ADVERSITY.-(See "AFFLICTION.") Adversity is the trial of principle.-Without it a man hardly knows whether he is honest or not.-Fielding.

Adversity is the first path to truth.Byron.

No man is more unhappy than the one who is never in adversity; the greatest affliction of life is never to be afflicted.— Anon.

Adversity is like the period of the former and of the latter rain,-cold, comfortless, unfriendly to man and to animal; yet from that season have their birth the flower and the fruit, the date, the rose, and the pomegranate.- Walter Scott.

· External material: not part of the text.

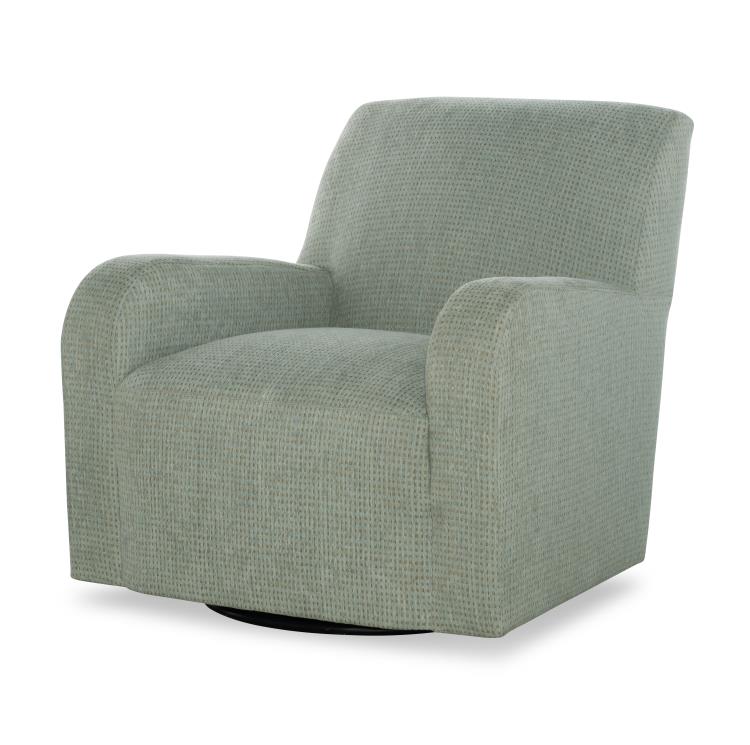 Century Furniture ES9-1333-8 Blake Swivel Chair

Adversity has ever been considered the state in which a man most easily becomes acquainted with himself, then, especially, being free from flatterers.-Johnson.

Prosperity is no just scale; adversity is the only balance to weigh friends.-Plutarch.

Who hath not known ill fortune, never knew himself, or his own virtue.-Mallet.

Stars may be seen from the bottom of a deep well, when they cannot be discerned from the top of a mountain. So are many things learned in adversity which the prosperous man dreams not of.-Spurgeon.

Adversity is the diamond dust Heaven polishes its jewels with.-Leighton.

I never met with a single instance of adversity which I have not in the end seen was for my good.-I have never heard of a Christian on his death bed complaining of his afflictions.-A. Proudfit.

We ought as much to pray for a blessing upon our daily rod as upon our daily bread.-John Owen.

Heaven often smites in mercy, even when the blow is severest.-Joanna Baillie.

Adversity has the effect of eliciting talents which in prosperous circumstances would have lain dormant.-Horace.

Prosperity is a great teacher; adversity is a greater. Possession pampers the mind; privation trains and strengthens it.-Hazlitt.

The flower that follows the sun does so even in cloudy days.-Leighton.

The good things of prosperity are to be wished; but the good things that belong to adversity are to be admired.-Seneca.

Adversity, sage useful guest, severe instructor, but the best; it is from thee alone we know justly to value things below.Somerville.

Prosperity has this property: It puffs up narrow souls, makes them imagine themselves high and mighty, and leads them to look down upon the world with contempt; but a truly noble spirit appears greatest in distress; and then becomes more bright and conspicuous.-Plutarch.

In the adversity of our best friends we often find something that does not displease us.-Rochefoucauld.

Prosperity is too apt to prevent us from examining our conduct; but adversity leads us to think properly of our state, and so is most beneficial to us.-Johnson.

Sweet are the uses of adversity, which, like a toad, though ugly and venomous, wears yet a precious jewel in its head.Shakespeare.

The truly great and good, in affliction, bear a countenance more princely than they are wont; for it is the temper of the highest hearts, like the palm-tree, to strive most upwards when it is most burdened.-Sir P. Sidney.

In this wild world, the fondest and the best are the most tried, most troubled, and distrest.-Crabbe.

Prosperity is the blessing of the Old Testament; adversity of the New, which carrieth the greater benediction and the clearer revelation of God's favor. Prosperity is not without many fears and distastes; adversity not without many comforts and hopes.-Bacon.

The sharpest sting of adversity it borrows from our own impatience.-Bp. Horne.

The brightest crowns that are worn in heaven have been tried, and smelted, and polished, and glorified through the furnace of tribulation.-E. H. Chapin.

He that can heroically endure adversity will bear prosperity with equal greatness of soul; for the mind that cannot be dejected by the former is not likely to be transported with the latter.-Fielding.

He that has no cross will have no crown.— Quarles.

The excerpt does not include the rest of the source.